Valued & Cared about (with audio)

Second Sunday after the Epiphany (C), January 17, 2016; The Rev. Pamela L. Werntz

Isaiah 62:1-5 Your land married for the Lord delights in you and your land shall be married – so shall your God rejoice in you.
1 Corinthians There are varieties of gifts.
John 2:1-11 First of his signs…revealed his glory…his disciples believed in him.

O God of justice, grant us the strength, the wisdom and the courage to seek always and everywhere after truth, come when it may, and cost what it will.

By now many of you have seen the news of the Anglican Communion. This past week the Primates of Anglican and Episcopal Churches around the world met in England to talk about marriage in the Church. While I don’t want to make light of the lives that are at stake with regard to treatment of LGBT people all over the world, it does strike me as a little funny that leaders of our particular expression of church have been arguing about marriage since King Henry VIII. As luck (or the Holy Spirit) would have it, we have three scripture readings teed up for our prayerful consideration on this Second Sunday after the Epiphany that have some things to say to us about discerning a way forward with generosity and humility, with compassion and hope.
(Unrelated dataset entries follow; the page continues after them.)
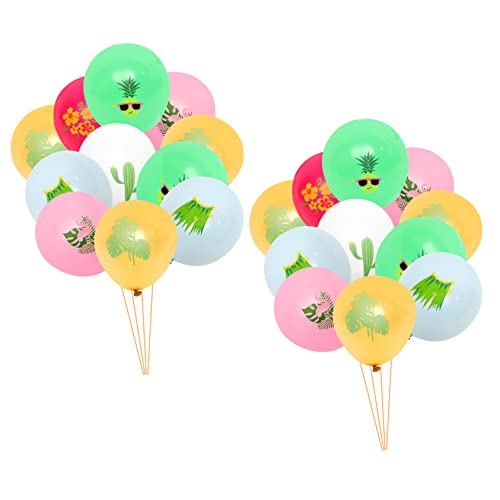 VOSAREA 30 Stück Kaktus Ballon Luau Partyzubehör Ballon Sets Im Hawaii Stil Hintergrund Ballon Strandballons Hawaiianische Themenballons Flamingo Ballon Niedliche Ballons von VOSAREA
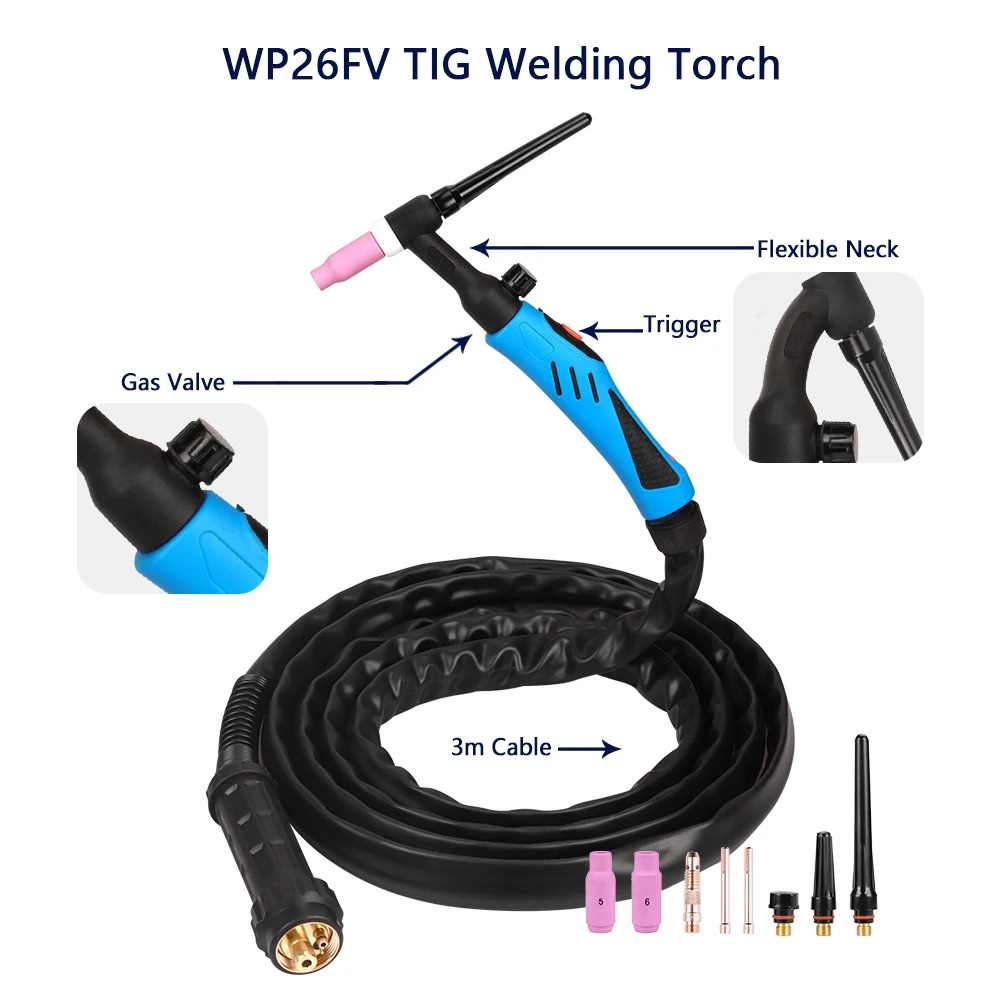 Pistola de soldadura de arco de argón, WP-26 de soldadura de arco de tungsteno, wp-26fv, interfaz europea, WP26, WP26FV, 3m, TIG, 200A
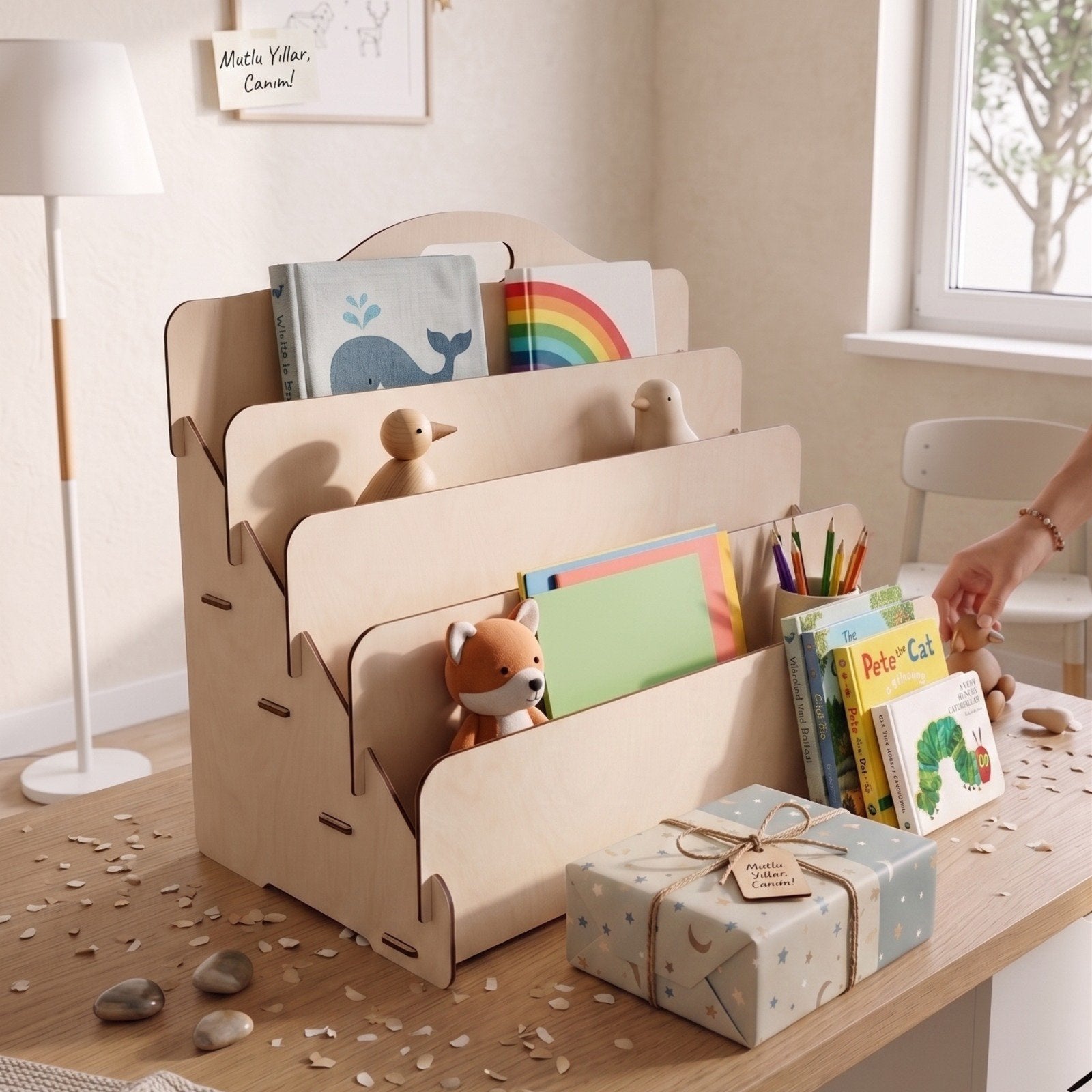 Simux Montessori Kinderboekenrek – 4 Laags Houten Beige, Ophalen of Verzenden, Nieuw, Overige typen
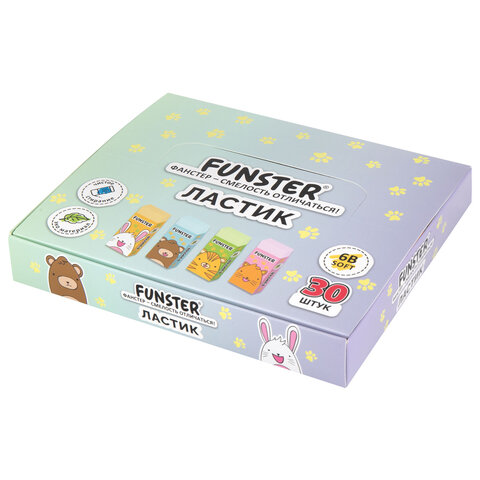 Ластик FUNSTER (ФАНСТЕР) «ANIMALS», 50×24х10 мм, прямоугольный, картонный держатель, экологичный ПВХ, ассорти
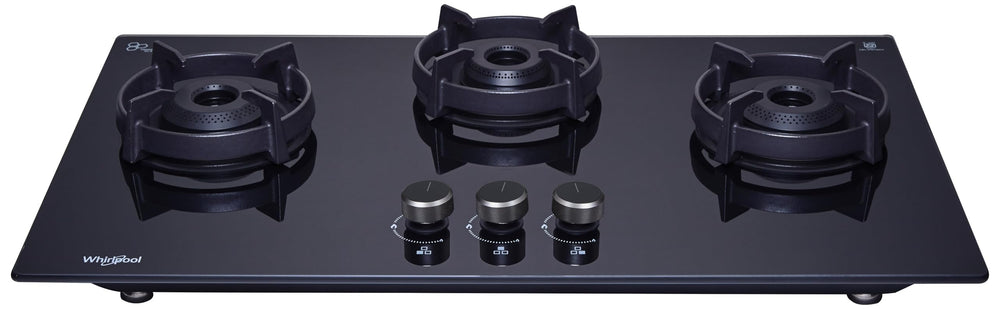 Whirlpool 75cm 3 Burner Auto Ignition Hob | EVOLVE HYBRID HD 753 BRASS | 8mm Toughened Glass | Forged Brass Burners | Black Glass Finish | 10-Year Glass & 5-Year Burner & Valve Warranty price under 20000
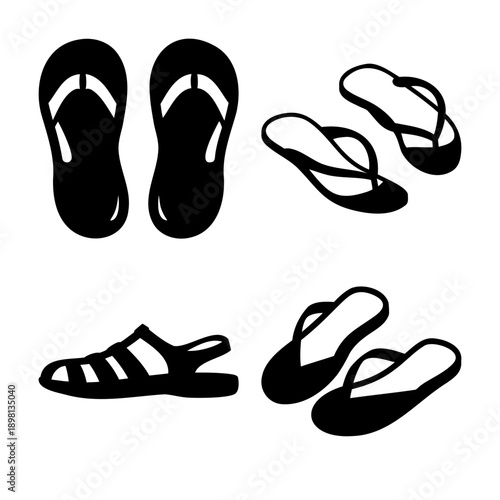 Stylish collection of summer footwear silhouettes featuring flip-flops and a comfortable sandal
Our Hebrew scripture passage this morning lies at the very heart of the part of Isaiah that gets called “third Isaiah,” who writes: You shall no more be termed Forsaken, and your land shall no more be termed Desolate; but you shall be called My Delight Is in Her, and your land Married, for the Lord delights in you and your land shall be married. Your land shall be called Beulah – the Hebrew word for “married to” literally is “valued and cared about” (here is a Biblical definition of marriage for you to cite if needed!) What follows is often cited as prescriptive rather than descriptive: for as a young man marries a young woman, so shall your builder marry you. But I’ve never once heard an argument that an old man and an old woman must not marry, just because this verse says “young.”

Beulah Land is the subject of many songs about the sweet by and by in the sky. But this passage is about something much more immediate than what God might do for God’s faithful people after death. Isaiah is writing about life before death! This passage is about people returning to rebuild what had been devastated – in this case, the devastated city of Jerusalem. It’s about rebuilding hope, about creating a sign of hope for others. It lies at the very heart of scripture that contains radical proposals for an inclusive community – it’s a treatise written to defend an inclusive and expansive group against the actions of those who wanted to limit the access and benefits of the community.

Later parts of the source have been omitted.